Change repository indexing to sorted sets algorithm
Overview
Extracted as follow up from #34086 (closed)
Change the repository indexing to use a sorted sets incremental update model as well. Would require incremental updates to add 1 file per sorted set as described in the last paragraph of #34086 (comment 230326472) . We can leave this to later as well since git indexing queues are not growing wildly yet and we already have some efficiencies today based on the fact that we use the last updated SHA to only update what changed.
Also as noted in !24298 (comment 286562360) one key value this will add is that all indexing work is roughly equally sized and fanned out as early as possible.
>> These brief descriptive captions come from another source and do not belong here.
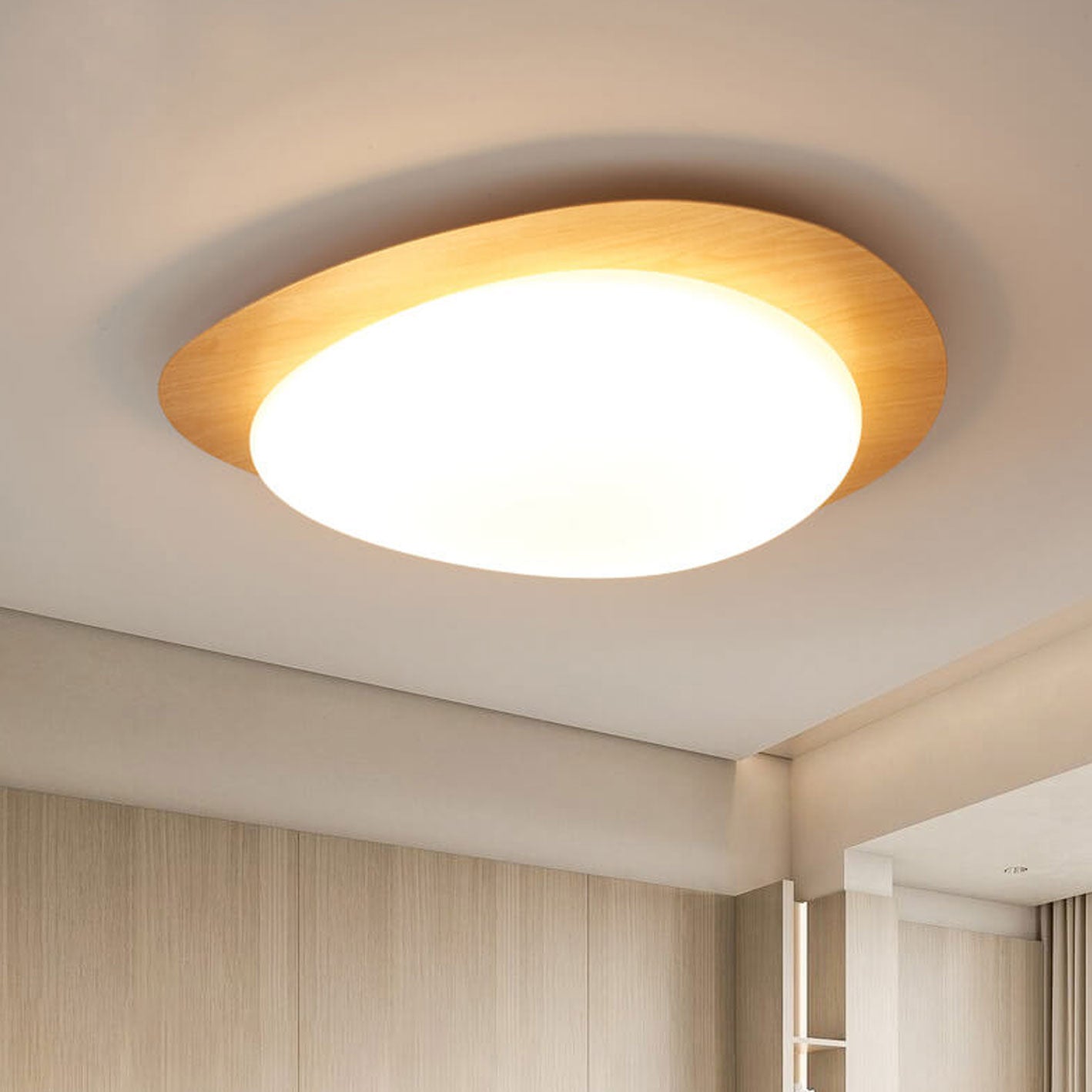 Pebble Shaped Wood Grain LED Flush Mount Ceiling Light 6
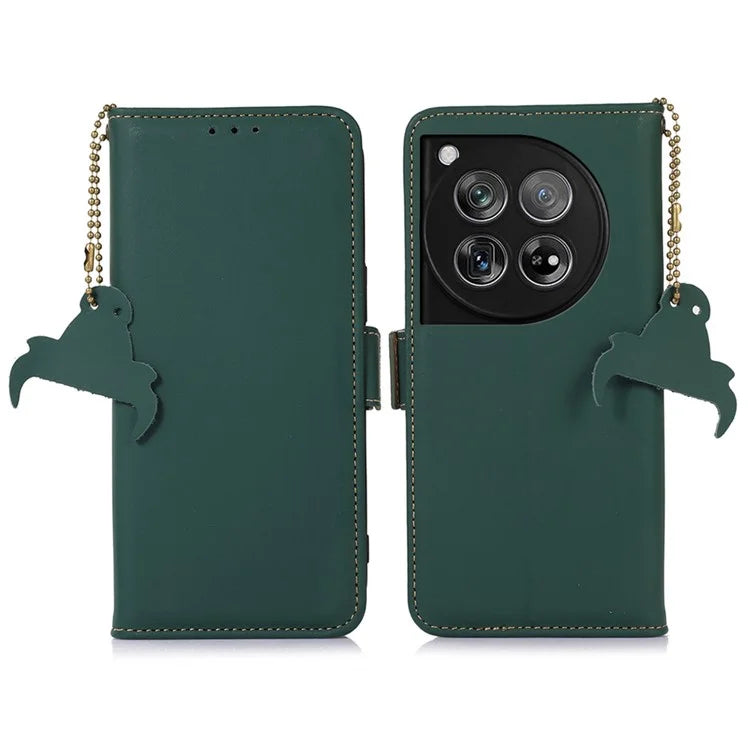 For OnePlus 12 5G Case RFID Blocking Case Wallet Genuine Cow Leather Phone Cover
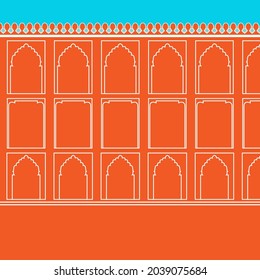The old city's wall pattern of Jaipur city. The wall is the city wall encircling the old Jaipur city in Rajasthan state in India. It's a typical Rajasthani wall art design.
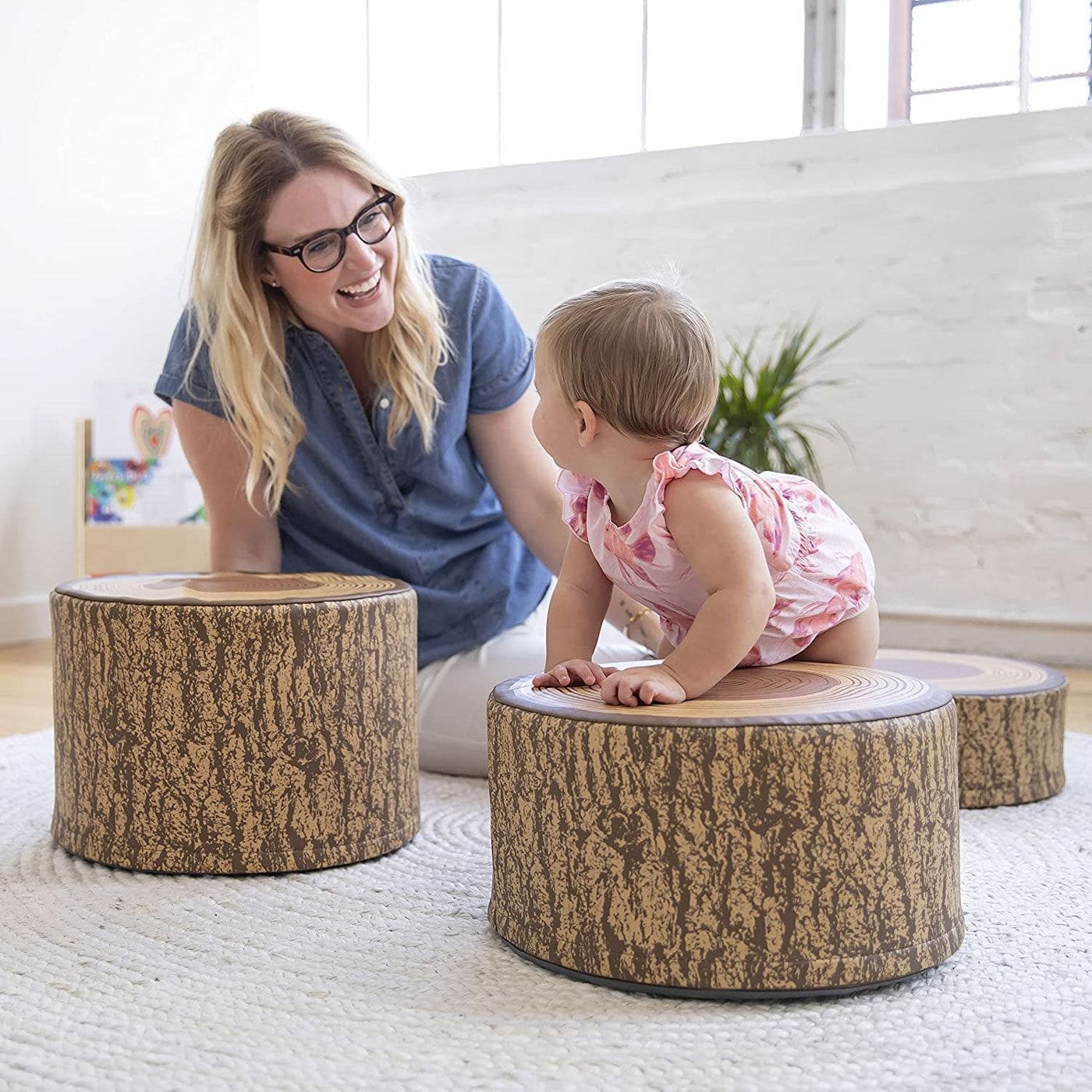 Tree Stump Stool Set, Toddler Climbing and Stepping Logs - 3 Piece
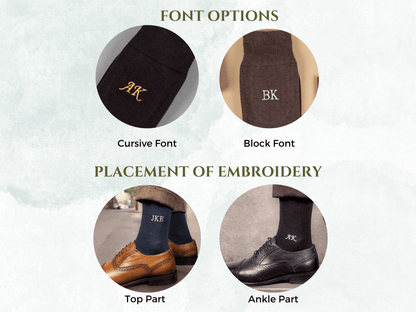 Personalized Embroidered Dress Socks  AI deneme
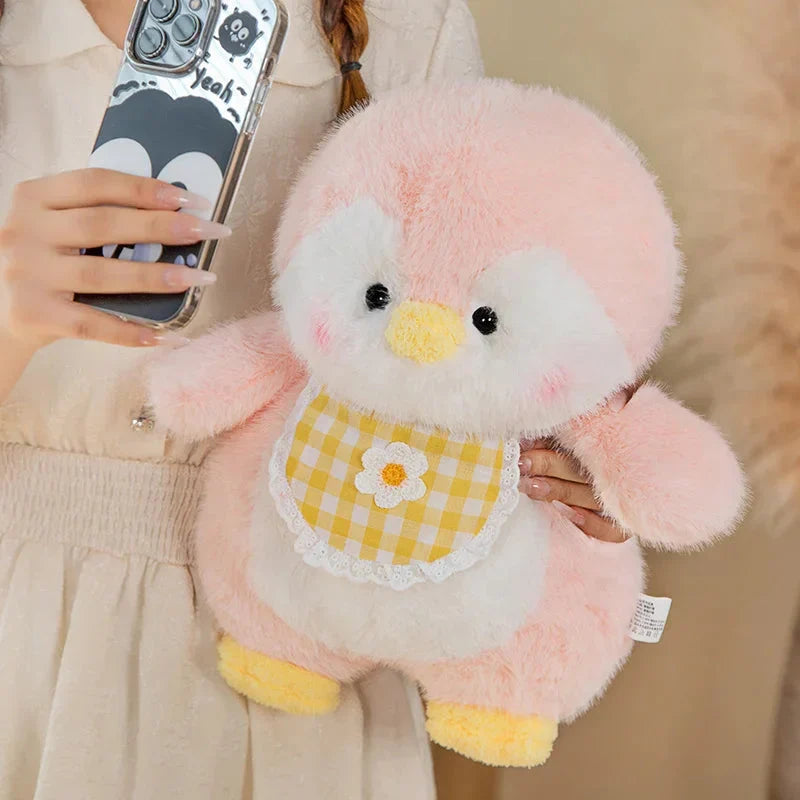 Adorable Fluffy Penguin Squad Plush Toys with Cute Bibs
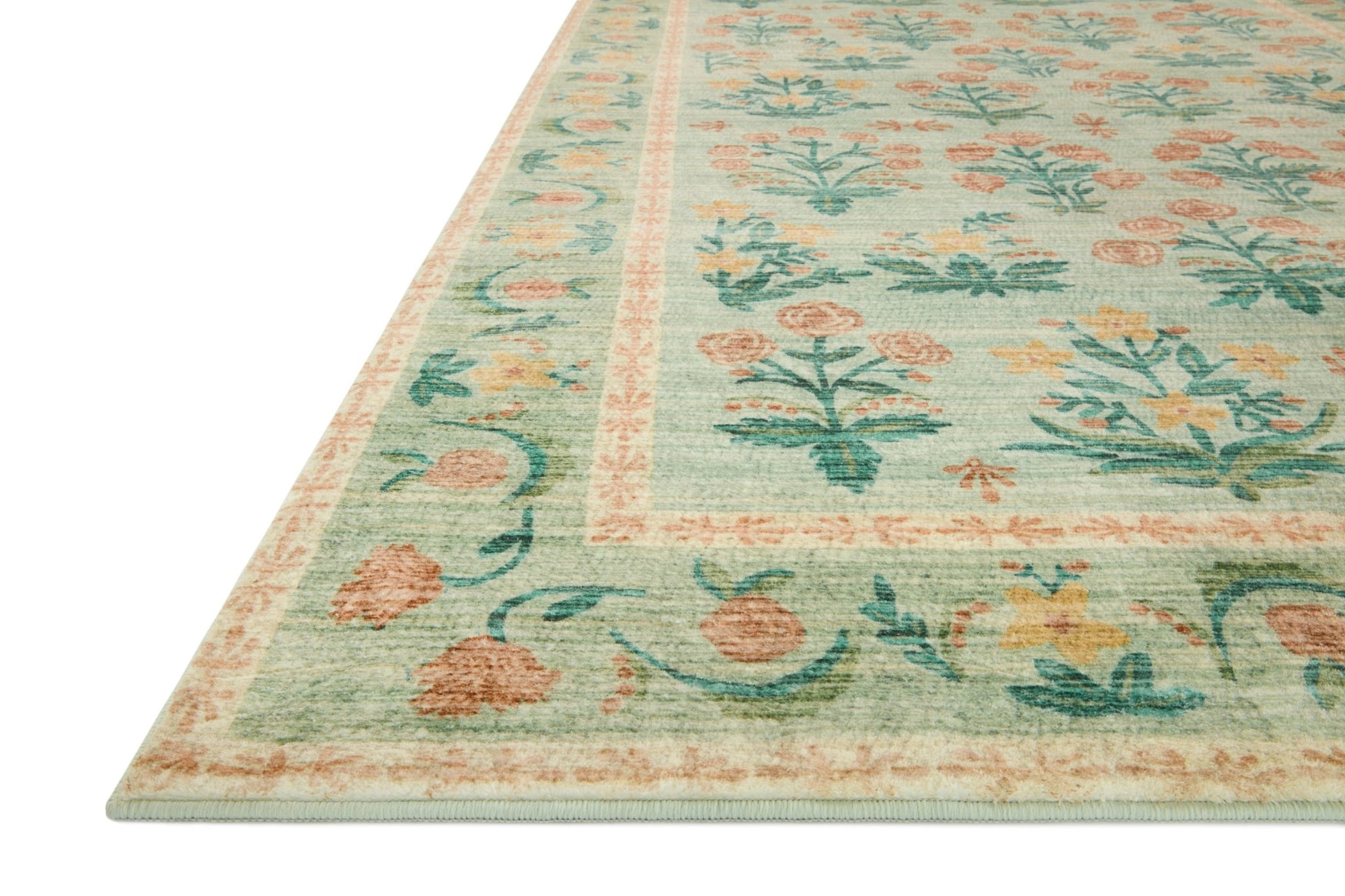 Mughal Rose Rug in Moss by Riffle Paper Co - Plain Jane Interiors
Fanning out as early as possible is going to make it much easier for SRE or developers watching queues to know if the system is operating in a healthy way since initial indexing will have an expected giant burst in the number of jobs in the queue and then a gradual drop over time as we catch up. This is in contrast to what we have today where there are a few very large jobs being added that hold up the queue for hours during processing and as such all the queues keep growing over the several hours while we're catching up which makes the system look unhealthy and we don't have data to really tell us it's not. This becomes more important as we scale out to 100s or 1000s of groups at a time since we may expect these delays to go from a couple of hours to a couple of days to catch up.
When we do scale out to a couple of days to catch up we may also wish to figure out a way to ensure initial indexing is in a different queue to the incremental updates so that incremental updates aren't hugely delayed. I'm not sure if this change will make that harder or easier.
Proposal
Every blob indexing job only ever deals with a single file. But we process them in batches of 1000. During initial indexing we add one job to the sorted set per file that needs to be indexed and incremental updates only add the jobs for the updated files. We have a cron worker that picks these jobs up in batches of 1000.
Performance considerations
We don't want to regress into doing lots of indexing work in Ruby so we'd like to still leverage the Go indexer. The reason being that the Go indexer is much more CPU efficient at doing the marshalling necessary for indexing these blobs and it would be a performance regression if we went back to doing that in Ruby. As such we may wish to either push all the file names into the Go indexer and have it load them all or possibly even more efficient is to delegate the Redis queue popping into the Go indexer as well though this may be problematic if we end up duplicating lots of queue handling logic in Go.
It also may be problematic that the batches of 1000 may contain files from different repos. If this ends up being less performant from a Gitaly perspective this approach may not be ideal.